Getting service delivery right: giving users what they want

This is the new creed according to Telcordia: introduce differentiated, premium services and rake in the profit for six months, by which time your rivals will have copied your idea and start offering it at a lower price; then launch another one, then another, then another, ad infinitum.

In all it will probably take as little as 12 months for the new, incremental service to go from being a cutting edge premium service to being offered as part of a bundle, according to Graham Cobb, director of service delivery marketing, service delivery solutions, Telcordia.

However, it's a great strategy because it cuts down churn dramatically and, even better, attracts users from other networks - and it generates profit, which in a world of flat rates is a winner.

If you're the fourth entrant into a highly competitive market, as Oi is in Brazil, this is a really important factor. (This isn't restricted to developing economies either - only yesterday France asked for tenders for the last outstanding 3G licence to be awarded.)

Oi was the first GSM operator to launch in Brazil five years ago and now has 15 million subscribers. Recently, it has started to offer fixed, broadband and mobile - but with lots of variations on the usual theme.

For instance, Oi offer prepay fixed line, which has proved immensely popular because people pay what they can afford when they want to, while the operator's limits its exposure to bad debt.

The most impressive wheeze though is that the operator offers an emergency credit facility for its prepay services - users simply send an SMS to apply for what is in effect a short term loan. When they top up their account, the loan is automatically paid, plus a 30% charge on the loan amount.

As Cobb says, "It isn't a sexy application, but it is used a great deal and highly profitable. Obviously not everyone is deemed eligible once the credit checking is done and Oi's competitors will all be offering this type of service within a few months at a lower rate, but that hybrid approach, offering prepay for fixed and mobile, no-one had thought of that before and up to 80% of Oi's new subscribers are opting for this."

Cobb accepts that this example wouldn't work in more developed economies, but it is right for Brazil where there are few credit cards in use and limited banking, so many, many millions of people haven't got a credit history. He says, "Customers get the services they want, Oi limits its exposure and keeps its cash flow healthy, and all the time it is building a database of information about its users that is very valuable to it."

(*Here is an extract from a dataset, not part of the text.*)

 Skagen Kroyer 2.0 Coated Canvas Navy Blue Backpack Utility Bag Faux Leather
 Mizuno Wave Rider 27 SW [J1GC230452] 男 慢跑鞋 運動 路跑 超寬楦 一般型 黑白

Oi has extended the use of its money by phone facility further: you can use your mobile to pay a taxi fare or buy a newspaper. The beauty of using the SMS for authentication/payment validation is that there is no need to deploy expensive, specialist point of sale terminals or other equipment.

The downside of course is that this only works between Oi customers (so the cab driver and shop keeper have to have Oi handsets too), but the service is so popular, it's worth them becoming Oi customers.

 

Cobb says, "The trick is to create new, real-time services running on existing platforms. These applications have been built by an on-site Telcordia team at Oi's offices, based on off-the-shelf policies in the local language - Portuguese."

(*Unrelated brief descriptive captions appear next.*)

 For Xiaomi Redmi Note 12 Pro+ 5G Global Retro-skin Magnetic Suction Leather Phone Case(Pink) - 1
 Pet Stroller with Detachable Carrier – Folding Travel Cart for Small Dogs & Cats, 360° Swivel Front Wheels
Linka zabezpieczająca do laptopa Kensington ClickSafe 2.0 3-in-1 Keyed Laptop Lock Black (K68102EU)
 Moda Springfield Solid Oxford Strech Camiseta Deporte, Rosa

True, Oi has used the Telcordia service platform from the beginning, and of course, not many larger, older operators have such a relatively straight-forward set-up, rather their BSS/OSS are Frankensteins, with bits bolted on all over the place and hundreds if not thousands of interfaces to tangle with.

But grappling with real-time information on prepay users is a particularly nasty nettle that will have to be grasped by all operators, sooner rather than later if they are to exploit the golden seam of quick to market, highly profitable, incremental services.